Among the entries below, which lines run from the line with "close up.Businessman looking" through the line with "number 8 136877046"? Retype those, both ends included, exactly and without pictures.
___ Listed entries
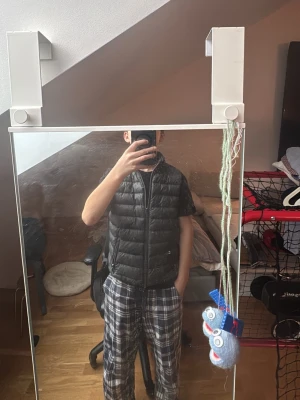 Svart dunväst från Polo Ralph Lauren - Säljer en svart dunväst från Polo Ralph Lauren i storlek 10-12 år. Västen har quiltad design, dragkedja framtill och två sidofickor med dragkedja. Perfekt för lager-på-lager och har en clean, sportig look som funkar till många stilar.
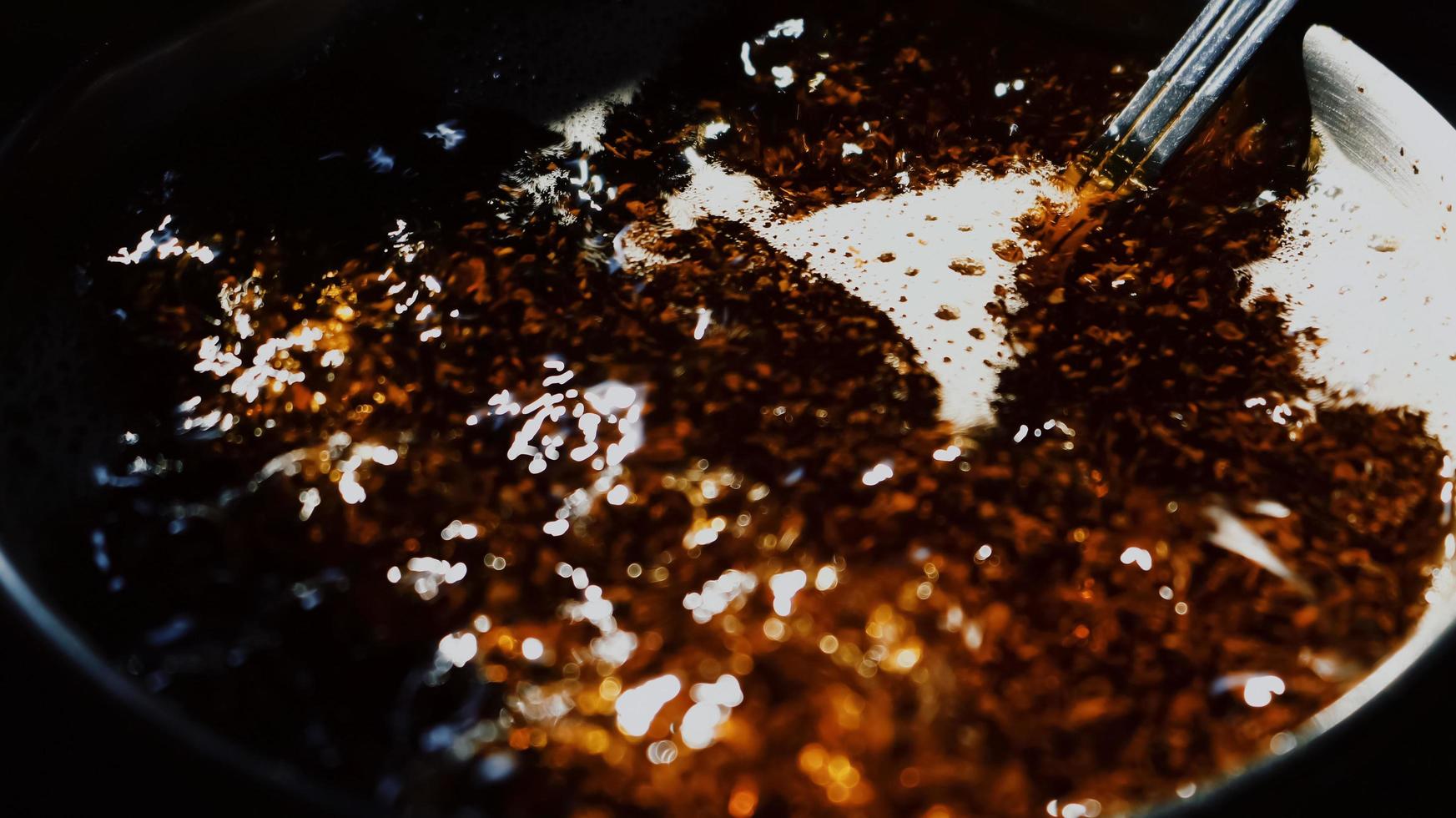 Closeup Of Boiling Tea In A Pot Under Sunlight in Karachi Pakistan 2022 photo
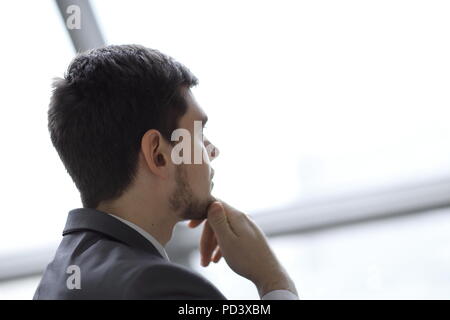 close up.Businessman looking through his office window Stock Photo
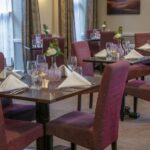 The elegant dining room at Crabwall Manor Hotel and Spa - the perfect venue for afternoon tea in Cheshire.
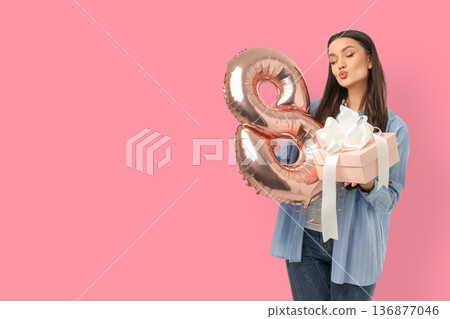 A young woman holds a present and a balloon showing the number 8 A young woman holds a present and a balloon showing the number 8 136877046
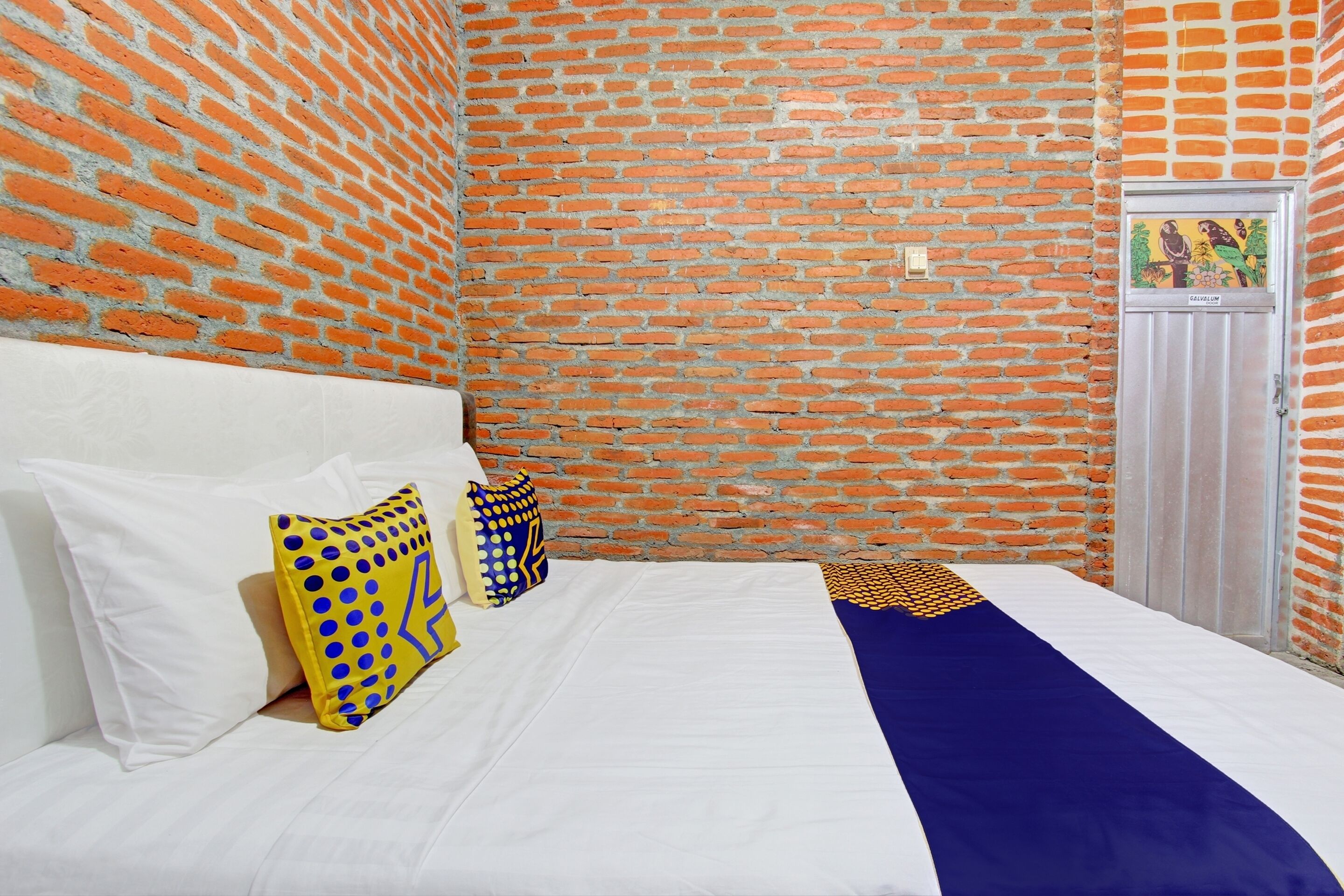 A room with a brick wall, a bed with white bedding and a blue and yellow accent, and a door with a colorful artwork.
______
■ Solution below ■
 close up.Businessman looking through his office window Stock Photo
 The elegant dining room at Crabwall Manor Hotel and Spa - the perfect venue for afternoon tea in Cheshire.
 A young woman holds a present and a balloon showing the number 8 A young woman holds a present and a balloon showing the number 8 136877046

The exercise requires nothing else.